Masyarakat miskin di Eropa hidupnya semakin menyedihkan, penyakit berdatangan, dan bencana kelangkaan pangan terjadi secara terus-menerus pada periode setelah meletusnya Gunung Tambora.
Sedangkan, masyarakat menengah Eropa terjebak pada perekonomian dan kehidupan sosial yang tidak menyenangkan selama bertahun tahun. Kehidupan semakin lebih sulit saat cuaca ekstrem berkepanjangan menghampiri mereka.

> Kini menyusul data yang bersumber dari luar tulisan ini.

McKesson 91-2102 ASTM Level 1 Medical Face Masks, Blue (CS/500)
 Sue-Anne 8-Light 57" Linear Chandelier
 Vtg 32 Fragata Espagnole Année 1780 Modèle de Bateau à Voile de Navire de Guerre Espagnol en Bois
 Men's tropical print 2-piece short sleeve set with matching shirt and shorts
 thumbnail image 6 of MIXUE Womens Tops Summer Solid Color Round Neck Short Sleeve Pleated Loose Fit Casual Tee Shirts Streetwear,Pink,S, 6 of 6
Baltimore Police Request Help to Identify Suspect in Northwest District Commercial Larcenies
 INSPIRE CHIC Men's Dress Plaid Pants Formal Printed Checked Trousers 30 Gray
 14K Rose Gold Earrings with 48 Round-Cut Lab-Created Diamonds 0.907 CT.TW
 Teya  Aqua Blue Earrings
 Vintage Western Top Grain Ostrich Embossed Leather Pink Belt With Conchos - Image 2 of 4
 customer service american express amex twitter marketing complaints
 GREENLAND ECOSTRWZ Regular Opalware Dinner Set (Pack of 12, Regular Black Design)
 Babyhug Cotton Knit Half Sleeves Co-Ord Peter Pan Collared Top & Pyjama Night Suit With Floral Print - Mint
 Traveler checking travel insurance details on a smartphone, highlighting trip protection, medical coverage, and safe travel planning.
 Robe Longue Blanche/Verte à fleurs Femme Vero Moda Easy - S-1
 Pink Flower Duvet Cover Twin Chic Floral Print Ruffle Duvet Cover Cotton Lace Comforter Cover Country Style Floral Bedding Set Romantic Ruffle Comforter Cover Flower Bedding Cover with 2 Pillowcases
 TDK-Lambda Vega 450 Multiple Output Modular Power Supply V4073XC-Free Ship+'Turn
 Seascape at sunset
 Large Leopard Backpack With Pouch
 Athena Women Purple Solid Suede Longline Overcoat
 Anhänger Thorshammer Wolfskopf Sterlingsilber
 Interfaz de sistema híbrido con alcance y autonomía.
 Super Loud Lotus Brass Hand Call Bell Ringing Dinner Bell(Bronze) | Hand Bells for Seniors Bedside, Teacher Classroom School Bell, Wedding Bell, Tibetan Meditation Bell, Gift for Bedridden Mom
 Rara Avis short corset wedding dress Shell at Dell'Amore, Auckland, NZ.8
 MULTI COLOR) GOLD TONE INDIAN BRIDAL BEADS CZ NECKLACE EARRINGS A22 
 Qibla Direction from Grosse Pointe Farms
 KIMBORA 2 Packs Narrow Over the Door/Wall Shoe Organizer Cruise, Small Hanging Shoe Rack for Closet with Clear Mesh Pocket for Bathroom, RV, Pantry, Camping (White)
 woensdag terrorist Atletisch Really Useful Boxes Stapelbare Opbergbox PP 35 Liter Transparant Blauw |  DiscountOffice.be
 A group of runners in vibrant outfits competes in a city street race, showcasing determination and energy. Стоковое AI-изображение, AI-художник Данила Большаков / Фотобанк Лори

Seorang penulis asal Irlandia, William Carleton menggambarkan situasi Irlandia di antara desa-desa pegunungan County Tyrone yang mengalami masa-masa tragis, di mana kelangkaan pangan besar terjadi.
Tanaman-tanaman penunjang kehidupan masyarakat banyak yang rusak dan gagal panen akibat musim panas yang basah dan dingin. Selain itu, mewabahnya kutu yang membawa tifus membuat para petani semakin lemah dan tidak berdaya.
Mereka melihat tanaman gandum yang gagal panen, butirannya menjadi lebih kecil dan berjamur, bahkan memecahkan kulit arinya sebelum germinasi.
Tidak hanya itu, roti-roti yang mereka buat dari terigu tidak bisa lagi dimakan, hingga anak-anak membulatkan gumpalan lembab itu menjadi bola dan dilemparkan ke tembok-tembok sebagai mainan mereka.
Dampak lain juga terjadi pada alat transportasi tradisional mereka, seperti kuda banyak yang mati. Kuda-kuda saling tarik-menarik dalam tali kekang karena kekurangan gizi dalam biji-biji haver saat musim itu terjadi.
Kemiskinan dan kelangkaan pangan sporadis memang menjadi masalah kronis di Irlandia selama berabad-abad, namun hal itu meningkat tajam saat periode 1815-18.